Good morning everyone, happy new week!
Today I am reflective of forgiveness. I recently found out a friend of mine was hurting others, intentionally lying and manipulating them, including attempts at influencing people’s opinions of me. Needless to say it was easy to feel anger and frustration.
Now I definitely haven’t been holding onto these feelings of anger or frustration, I let it go after several days
(help from and thanks to my support system,) but I am reflective this morning on the difference between letting go and forgiveness. There was still a part of me that was judging him.

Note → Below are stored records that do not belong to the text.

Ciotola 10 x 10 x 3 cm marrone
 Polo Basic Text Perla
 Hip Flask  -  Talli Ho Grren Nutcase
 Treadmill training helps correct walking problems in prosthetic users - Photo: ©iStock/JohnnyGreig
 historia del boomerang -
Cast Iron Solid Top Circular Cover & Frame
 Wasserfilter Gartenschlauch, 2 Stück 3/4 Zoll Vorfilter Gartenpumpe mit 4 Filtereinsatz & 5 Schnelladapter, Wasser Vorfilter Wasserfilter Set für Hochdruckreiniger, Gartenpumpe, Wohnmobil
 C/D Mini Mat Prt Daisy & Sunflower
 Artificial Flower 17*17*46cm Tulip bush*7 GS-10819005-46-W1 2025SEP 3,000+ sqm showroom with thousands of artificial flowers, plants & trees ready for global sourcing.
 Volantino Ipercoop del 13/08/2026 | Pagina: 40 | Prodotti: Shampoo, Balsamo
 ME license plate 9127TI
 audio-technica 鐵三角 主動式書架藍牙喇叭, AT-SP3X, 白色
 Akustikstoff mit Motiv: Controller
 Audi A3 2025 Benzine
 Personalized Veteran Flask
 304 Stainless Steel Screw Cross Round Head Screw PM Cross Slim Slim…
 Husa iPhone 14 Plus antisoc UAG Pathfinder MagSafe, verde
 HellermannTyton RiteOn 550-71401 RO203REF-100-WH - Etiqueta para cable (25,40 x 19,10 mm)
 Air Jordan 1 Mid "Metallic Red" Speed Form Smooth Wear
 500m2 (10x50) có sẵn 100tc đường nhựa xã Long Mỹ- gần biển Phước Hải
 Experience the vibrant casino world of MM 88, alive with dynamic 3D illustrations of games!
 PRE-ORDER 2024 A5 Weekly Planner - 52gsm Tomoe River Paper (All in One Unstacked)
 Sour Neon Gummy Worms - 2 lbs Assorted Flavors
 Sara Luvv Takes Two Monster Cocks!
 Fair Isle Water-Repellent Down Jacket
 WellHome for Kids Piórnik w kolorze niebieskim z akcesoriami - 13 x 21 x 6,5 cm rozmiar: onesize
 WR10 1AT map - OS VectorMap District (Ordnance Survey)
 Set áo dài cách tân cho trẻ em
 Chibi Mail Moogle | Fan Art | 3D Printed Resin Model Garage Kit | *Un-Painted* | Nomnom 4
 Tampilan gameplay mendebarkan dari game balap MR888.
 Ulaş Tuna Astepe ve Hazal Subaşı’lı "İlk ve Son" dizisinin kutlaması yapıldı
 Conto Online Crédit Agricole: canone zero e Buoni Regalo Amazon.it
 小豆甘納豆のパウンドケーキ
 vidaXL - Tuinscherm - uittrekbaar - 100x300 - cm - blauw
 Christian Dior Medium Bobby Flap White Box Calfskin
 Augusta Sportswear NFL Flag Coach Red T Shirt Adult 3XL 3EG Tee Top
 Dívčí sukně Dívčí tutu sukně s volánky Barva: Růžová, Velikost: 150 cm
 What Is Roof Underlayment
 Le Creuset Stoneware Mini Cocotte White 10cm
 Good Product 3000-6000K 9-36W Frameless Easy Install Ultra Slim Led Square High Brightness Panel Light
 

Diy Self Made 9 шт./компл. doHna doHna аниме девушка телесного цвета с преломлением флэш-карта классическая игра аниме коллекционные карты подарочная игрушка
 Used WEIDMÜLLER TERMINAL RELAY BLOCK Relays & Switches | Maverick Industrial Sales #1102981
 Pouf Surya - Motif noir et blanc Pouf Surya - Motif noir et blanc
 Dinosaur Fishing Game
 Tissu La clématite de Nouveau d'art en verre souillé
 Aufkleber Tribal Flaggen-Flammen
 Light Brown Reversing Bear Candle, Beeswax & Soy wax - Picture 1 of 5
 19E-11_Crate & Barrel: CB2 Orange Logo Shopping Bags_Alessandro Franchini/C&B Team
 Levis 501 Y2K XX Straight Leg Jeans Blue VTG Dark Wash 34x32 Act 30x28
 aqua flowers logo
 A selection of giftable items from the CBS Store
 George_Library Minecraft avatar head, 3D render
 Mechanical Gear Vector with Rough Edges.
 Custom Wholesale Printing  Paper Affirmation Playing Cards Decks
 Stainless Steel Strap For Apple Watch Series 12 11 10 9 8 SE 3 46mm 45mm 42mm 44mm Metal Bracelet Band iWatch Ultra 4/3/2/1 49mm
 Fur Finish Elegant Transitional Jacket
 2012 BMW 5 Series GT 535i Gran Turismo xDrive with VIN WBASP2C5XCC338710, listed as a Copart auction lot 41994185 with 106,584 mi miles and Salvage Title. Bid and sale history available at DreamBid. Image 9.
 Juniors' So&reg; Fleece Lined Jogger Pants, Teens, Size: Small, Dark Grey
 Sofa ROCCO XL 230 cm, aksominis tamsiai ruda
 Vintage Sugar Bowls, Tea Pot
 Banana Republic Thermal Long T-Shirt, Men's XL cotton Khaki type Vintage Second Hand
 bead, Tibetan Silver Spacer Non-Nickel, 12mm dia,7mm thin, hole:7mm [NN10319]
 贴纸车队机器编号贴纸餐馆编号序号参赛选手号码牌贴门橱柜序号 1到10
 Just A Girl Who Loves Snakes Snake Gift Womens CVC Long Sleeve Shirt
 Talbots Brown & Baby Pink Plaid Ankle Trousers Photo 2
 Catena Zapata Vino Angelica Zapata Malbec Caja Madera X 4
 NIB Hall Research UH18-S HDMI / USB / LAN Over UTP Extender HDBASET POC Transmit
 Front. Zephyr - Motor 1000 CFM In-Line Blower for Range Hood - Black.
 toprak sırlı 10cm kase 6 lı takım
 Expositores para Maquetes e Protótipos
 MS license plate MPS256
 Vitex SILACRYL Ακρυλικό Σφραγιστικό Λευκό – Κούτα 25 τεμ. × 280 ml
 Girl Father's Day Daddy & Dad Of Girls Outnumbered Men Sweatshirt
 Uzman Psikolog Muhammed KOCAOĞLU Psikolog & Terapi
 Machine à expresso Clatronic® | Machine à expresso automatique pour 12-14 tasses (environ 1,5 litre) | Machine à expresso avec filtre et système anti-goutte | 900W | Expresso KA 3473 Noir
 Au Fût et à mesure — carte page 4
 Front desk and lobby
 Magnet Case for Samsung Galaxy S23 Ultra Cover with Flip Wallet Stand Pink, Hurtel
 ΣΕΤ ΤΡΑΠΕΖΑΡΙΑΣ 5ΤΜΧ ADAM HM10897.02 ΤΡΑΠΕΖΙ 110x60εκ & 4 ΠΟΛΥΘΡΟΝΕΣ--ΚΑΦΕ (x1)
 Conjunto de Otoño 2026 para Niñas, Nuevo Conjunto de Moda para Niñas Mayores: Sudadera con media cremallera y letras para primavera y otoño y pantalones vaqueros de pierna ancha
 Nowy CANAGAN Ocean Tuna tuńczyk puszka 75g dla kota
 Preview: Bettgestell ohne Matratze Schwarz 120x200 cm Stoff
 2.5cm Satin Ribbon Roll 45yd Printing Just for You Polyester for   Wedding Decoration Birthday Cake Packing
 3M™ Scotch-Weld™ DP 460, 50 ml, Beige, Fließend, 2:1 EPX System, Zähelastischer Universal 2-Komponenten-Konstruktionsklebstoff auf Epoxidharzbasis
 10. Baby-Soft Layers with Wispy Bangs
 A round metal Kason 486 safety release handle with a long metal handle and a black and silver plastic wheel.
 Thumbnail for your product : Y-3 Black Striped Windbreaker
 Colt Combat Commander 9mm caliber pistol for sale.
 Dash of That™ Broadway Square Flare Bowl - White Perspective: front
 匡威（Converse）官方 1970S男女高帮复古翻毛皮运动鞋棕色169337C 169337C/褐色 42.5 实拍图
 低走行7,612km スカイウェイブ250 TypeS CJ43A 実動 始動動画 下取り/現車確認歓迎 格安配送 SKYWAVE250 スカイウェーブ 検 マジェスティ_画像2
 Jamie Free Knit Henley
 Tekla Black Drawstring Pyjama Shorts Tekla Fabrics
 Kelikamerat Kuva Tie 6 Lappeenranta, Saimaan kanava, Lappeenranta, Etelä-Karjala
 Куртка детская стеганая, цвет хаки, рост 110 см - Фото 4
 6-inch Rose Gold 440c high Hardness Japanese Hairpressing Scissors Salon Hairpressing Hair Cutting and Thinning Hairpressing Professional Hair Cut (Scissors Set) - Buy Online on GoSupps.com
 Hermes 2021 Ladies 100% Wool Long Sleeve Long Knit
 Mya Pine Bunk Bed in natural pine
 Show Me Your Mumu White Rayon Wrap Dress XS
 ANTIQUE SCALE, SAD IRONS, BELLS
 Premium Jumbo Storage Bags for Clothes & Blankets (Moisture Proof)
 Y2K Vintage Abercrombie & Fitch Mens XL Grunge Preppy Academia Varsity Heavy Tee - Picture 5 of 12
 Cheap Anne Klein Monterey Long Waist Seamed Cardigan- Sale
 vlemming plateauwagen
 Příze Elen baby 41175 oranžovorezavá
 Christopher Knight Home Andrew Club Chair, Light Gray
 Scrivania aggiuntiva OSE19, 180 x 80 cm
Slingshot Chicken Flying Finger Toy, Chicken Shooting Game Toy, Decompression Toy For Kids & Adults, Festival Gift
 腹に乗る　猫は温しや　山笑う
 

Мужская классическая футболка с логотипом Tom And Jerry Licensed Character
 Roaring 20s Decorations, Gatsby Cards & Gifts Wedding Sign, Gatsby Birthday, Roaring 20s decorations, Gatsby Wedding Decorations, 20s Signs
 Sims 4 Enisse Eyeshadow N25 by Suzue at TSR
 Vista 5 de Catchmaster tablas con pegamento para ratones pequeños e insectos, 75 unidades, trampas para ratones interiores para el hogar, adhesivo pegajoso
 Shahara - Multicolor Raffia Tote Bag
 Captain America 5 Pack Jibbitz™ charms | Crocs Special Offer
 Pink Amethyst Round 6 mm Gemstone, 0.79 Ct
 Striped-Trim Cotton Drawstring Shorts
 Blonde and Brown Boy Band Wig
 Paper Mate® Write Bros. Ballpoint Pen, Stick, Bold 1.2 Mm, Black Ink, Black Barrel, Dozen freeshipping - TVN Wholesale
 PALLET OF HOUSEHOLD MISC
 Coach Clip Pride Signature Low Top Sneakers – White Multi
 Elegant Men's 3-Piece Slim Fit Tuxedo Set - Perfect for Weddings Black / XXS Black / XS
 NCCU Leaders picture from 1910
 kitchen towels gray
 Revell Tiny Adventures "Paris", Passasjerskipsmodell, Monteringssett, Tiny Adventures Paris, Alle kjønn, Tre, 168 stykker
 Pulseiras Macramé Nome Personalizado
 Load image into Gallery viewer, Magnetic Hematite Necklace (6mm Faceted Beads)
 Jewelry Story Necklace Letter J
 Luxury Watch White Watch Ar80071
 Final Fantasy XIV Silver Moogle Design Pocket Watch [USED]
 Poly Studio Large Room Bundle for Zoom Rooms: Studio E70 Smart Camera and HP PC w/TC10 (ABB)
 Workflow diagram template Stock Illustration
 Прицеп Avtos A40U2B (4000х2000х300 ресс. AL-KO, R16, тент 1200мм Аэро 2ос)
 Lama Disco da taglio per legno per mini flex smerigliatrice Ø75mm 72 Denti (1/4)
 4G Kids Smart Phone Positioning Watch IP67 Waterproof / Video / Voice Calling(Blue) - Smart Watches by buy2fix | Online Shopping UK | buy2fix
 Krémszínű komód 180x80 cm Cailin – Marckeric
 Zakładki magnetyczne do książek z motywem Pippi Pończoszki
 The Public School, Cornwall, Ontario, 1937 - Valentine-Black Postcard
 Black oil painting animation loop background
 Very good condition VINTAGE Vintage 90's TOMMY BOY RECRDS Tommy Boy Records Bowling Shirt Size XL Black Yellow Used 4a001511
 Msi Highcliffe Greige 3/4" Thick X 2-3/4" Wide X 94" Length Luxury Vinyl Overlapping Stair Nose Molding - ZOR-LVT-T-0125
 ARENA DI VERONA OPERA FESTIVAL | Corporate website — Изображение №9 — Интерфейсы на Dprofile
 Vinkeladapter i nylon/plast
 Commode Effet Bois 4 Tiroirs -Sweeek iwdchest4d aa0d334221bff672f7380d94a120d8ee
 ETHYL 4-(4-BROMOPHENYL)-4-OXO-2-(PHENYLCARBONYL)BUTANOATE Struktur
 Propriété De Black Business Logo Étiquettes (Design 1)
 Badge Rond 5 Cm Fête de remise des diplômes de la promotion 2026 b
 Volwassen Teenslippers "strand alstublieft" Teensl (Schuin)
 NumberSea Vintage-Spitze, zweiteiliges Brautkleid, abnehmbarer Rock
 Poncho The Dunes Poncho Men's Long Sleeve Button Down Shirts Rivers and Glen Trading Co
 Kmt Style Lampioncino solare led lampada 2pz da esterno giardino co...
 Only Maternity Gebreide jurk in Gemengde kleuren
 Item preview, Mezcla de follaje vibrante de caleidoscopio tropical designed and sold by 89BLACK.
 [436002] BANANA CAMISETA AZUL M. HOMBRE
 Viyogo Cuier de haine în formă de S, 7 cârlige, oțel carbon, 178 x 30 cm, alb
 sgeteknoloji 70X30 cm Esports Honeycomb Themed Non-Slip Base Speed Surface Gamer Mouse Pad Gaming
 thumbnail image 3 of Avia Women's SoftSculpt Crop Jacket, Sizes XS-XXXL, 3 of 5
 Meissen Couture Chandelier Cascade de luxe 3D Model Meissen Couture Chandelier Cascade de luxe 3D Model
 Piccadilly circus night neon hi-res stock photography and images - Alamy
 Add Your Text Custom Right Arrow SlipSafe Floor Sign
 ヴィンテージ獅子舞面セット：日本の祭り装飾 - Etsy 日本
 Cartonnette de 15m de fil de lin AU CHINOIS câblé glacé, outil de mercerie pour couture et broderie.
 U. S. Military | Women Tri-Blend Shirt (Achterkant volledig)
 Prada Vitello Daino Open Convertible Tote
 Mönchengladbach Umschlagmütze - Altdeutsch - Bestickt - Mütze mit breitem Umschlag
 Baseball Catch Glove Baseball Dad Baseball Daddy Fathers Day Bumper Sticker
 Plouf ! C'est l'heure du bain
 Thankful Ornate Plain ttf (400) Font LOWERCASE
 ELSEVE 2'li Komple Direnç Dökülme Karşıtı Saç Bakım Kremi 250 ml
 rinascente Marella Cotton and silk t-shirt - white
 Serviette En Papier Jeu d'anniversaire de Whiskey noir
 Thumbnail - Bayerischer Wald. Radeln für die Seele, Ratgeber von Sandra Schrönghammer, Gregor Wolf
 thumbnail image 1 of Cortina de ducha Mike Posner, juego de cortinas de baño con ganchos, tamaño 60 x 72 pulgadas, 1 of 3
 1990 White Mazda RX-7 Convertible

So, I’m reminded that forgiveness was still something that I was doing in a way that made me feel better than the other person. “Be the bigger person” I thought to myself. Is that real forgiveness? Or is that ego?
In order to forgive him I actually have to focus on myself, and WHO I WANT TO BE.
At first I thought forgiveness was for them, and then I realized it was for me, but AFTER THAT, I realized its for me only, and not me in comparison to the other. While I still have to remind myself of this, theres an area that exists in between selfishness and pleasing others, which is simply me focusing on who I want to be.
This is Self – Love, creating a world where I strive to be who I want to be, not to be pleasing to others, but to be pleasing to who I believe I want to be, which, for me, is centered around God.
I hope this helps in some way, it helped me by writing it! Thanks for being on the other side.